Browse and submit language model benchmarks
Find recent high-liked Hugging Face models
Analyze model errors with interactive pages
Evaluate and submit AI model results for Frugal AI Challenge
Merge Lora adapters with a base model
Evaluate LLM over-refusal rates with OR-Bench
View RL Benchmark Reports
Explore and manage STM32 ML models with the STM32AI Model Zoo dashboard
Track, rank and evaluate open LLMs and chatbots
Display benchmark results
Determine GPU requirements for large language models
Export Hugging Face models to ONNX
View and submit machine learning model evaluations
The HHEM Leaderboard is a platform designed for model benchmarking, specifically tailored for language models. It allows users to browse and submit benchmarks, making it easier to compare performance across different models and datasets. This tool is invaluable for researchers and developers looking to evaluate and improve language models in a competitive and transparent environment.
• Real-time updates: Stay current with the latest benchmark results as they are submitted.
• Customizable filters: Narrow down results by specific models, datasets, or metrics.
• Detailed analytics: Access in-depth performance metrics for each submission.
• Submission interface: Easily upload your own model benchmarks for comparison.
• Community-driven: Engage with a community of researchers and developers to share insights and learn from others.
• Transparency: Clear documentation of evaluation methodologies and metrics.
What types of models can I benchmark on HHEM Leaderboard?

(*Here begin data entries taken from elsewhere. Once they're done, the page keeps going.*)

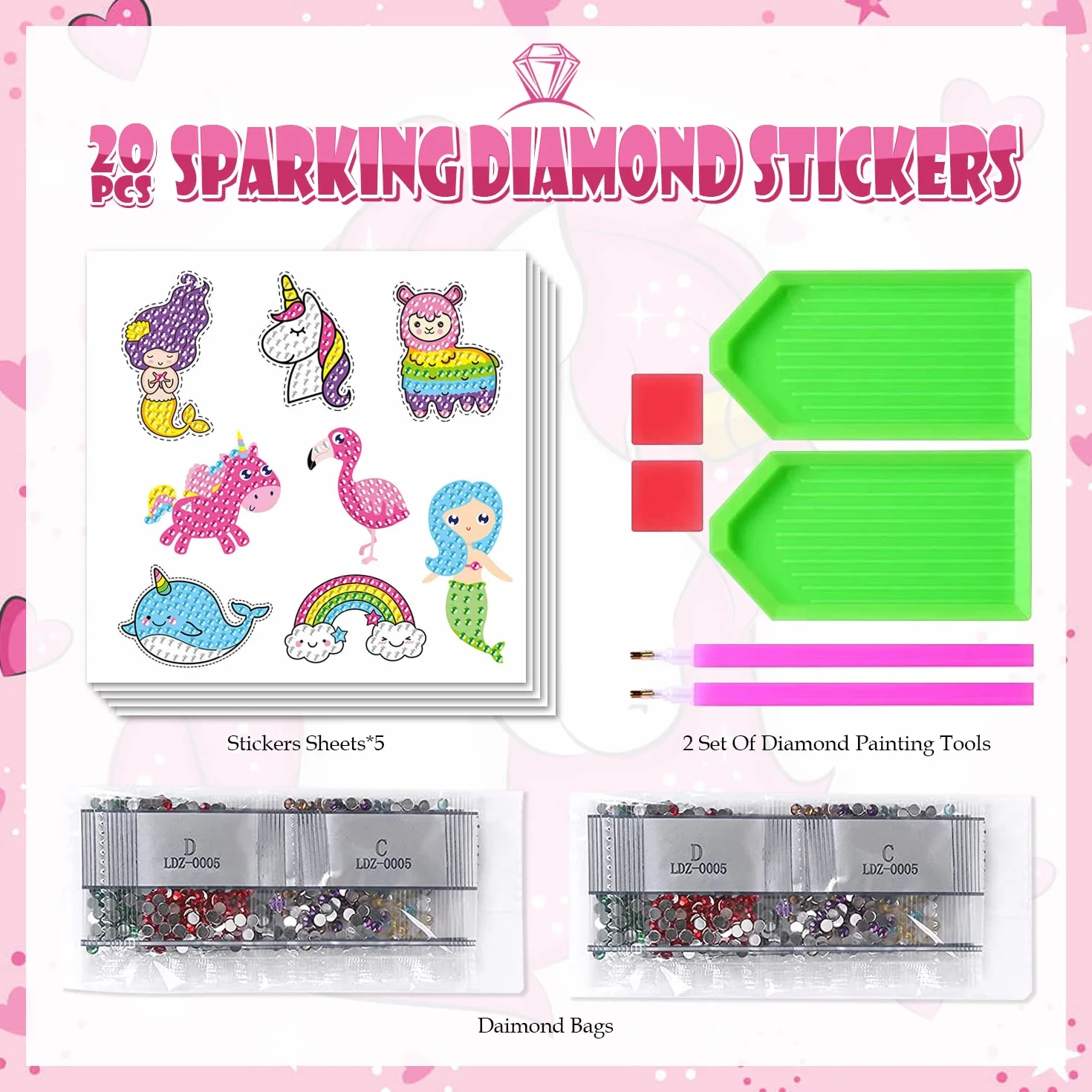 Diamentowe Naklejki do Malowania, CAYUDEN 20 szt. Jednorożec Diamond Painting Stickers Dzieci 5D DIY Diamentowe Naklejki Dzieci Dziewczyny Syrenka Zestaw do Malowania Diamentami Króliczki dla Dzieci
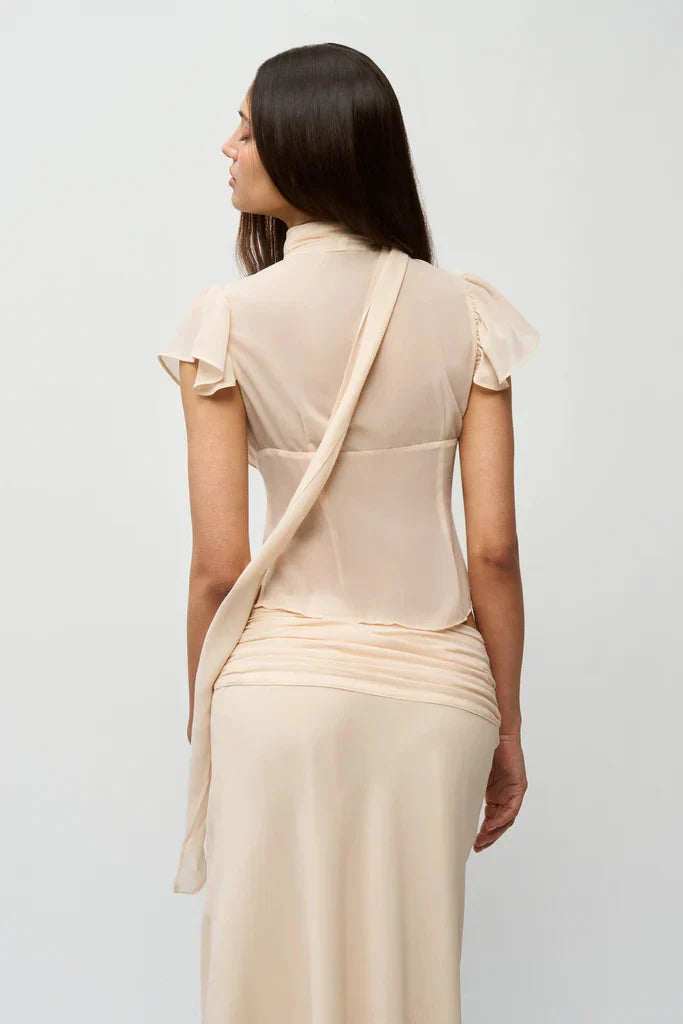 Women Summer Set | Chiffon Top | Chiffon Skirt | Midi Skirt | Short Top | Waist Cinching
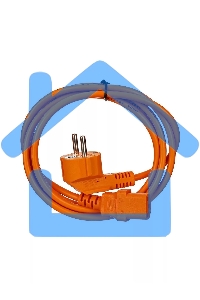 Кабель компьютер-розетка 220V (EURO) <VDE> 1,8 м 3G0,75мм2 VCOM CE021-O, оранжевый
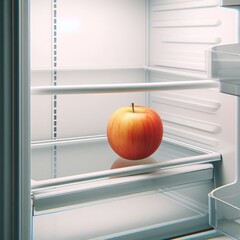 An apple lying on a shelf in an empty refrigerator.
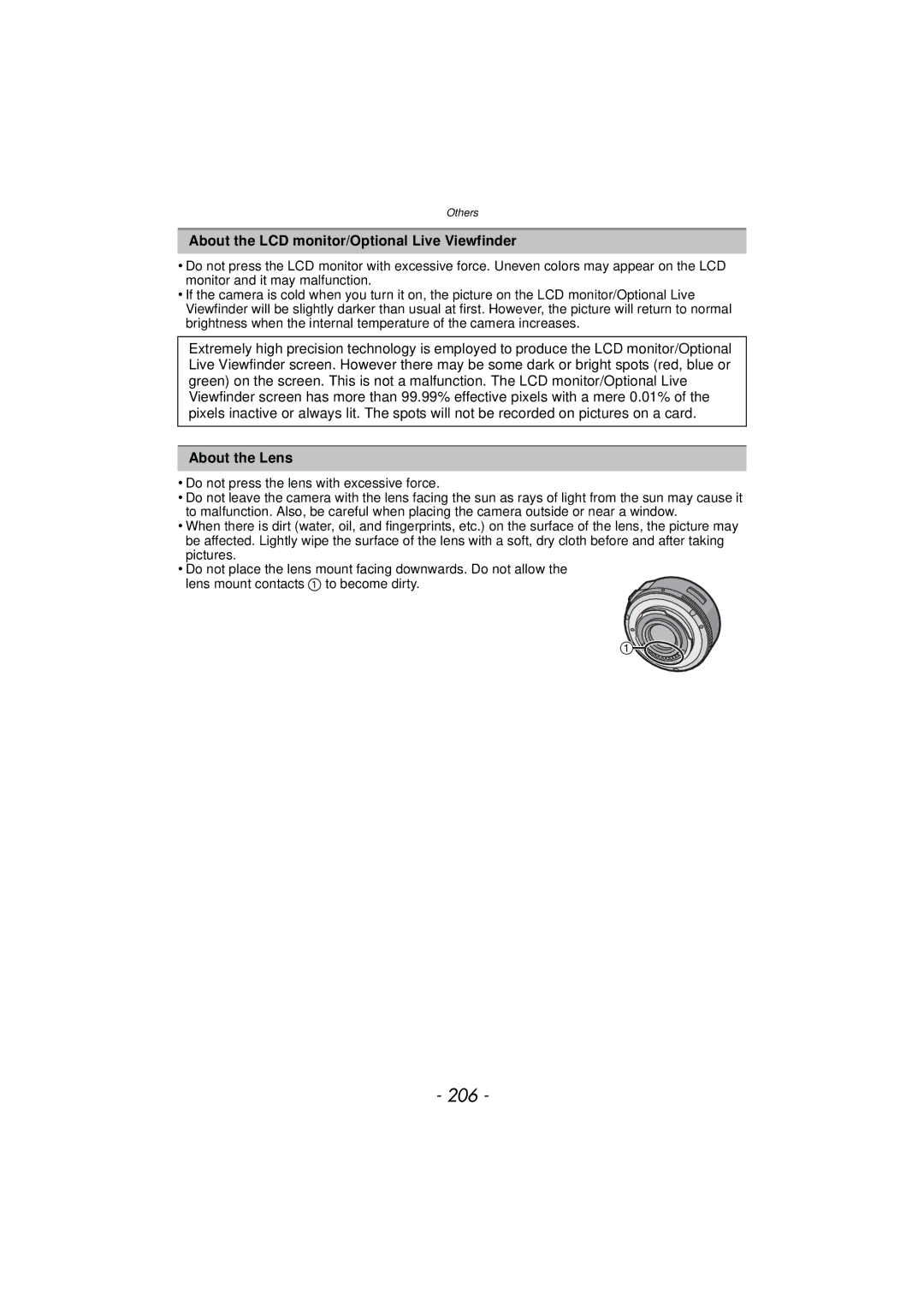 Panasonic DMCGX1KBODY, DMC-GX1, DMCGX1SBODY, DMCGX1XS 206, About the LCD monitor/Optional Live Viewfinder, About the Lens 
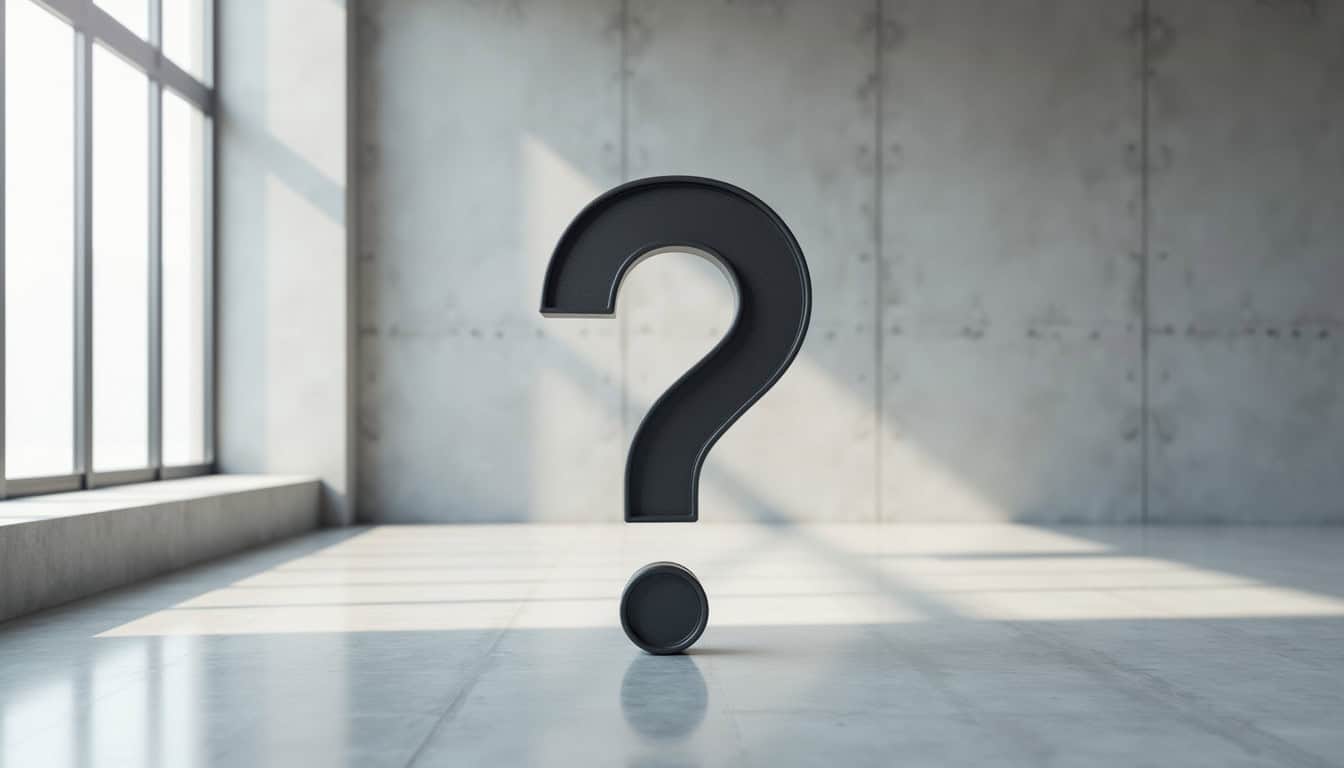 Ein großes Fragezeichen aus Stahl symbolisiert die häufig gestellten Fragen im Stahlzart Carport Ratgeber.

The HHEM Leaderboard supports a variety of language models, including but not limited to transformer-based architectures and other state-of-the-art models.
How do I submit a benchmark?
To submit a benchmark, create an account, ensure your model meets the submission criteria, and follow the step-by-step instructions provided on the platform.
What metrics are used to evaluate models?
The leaderboard uses standard metrics such as perplexity, accuracy, F1-score, and inference speed, depending on the specific task and dataset.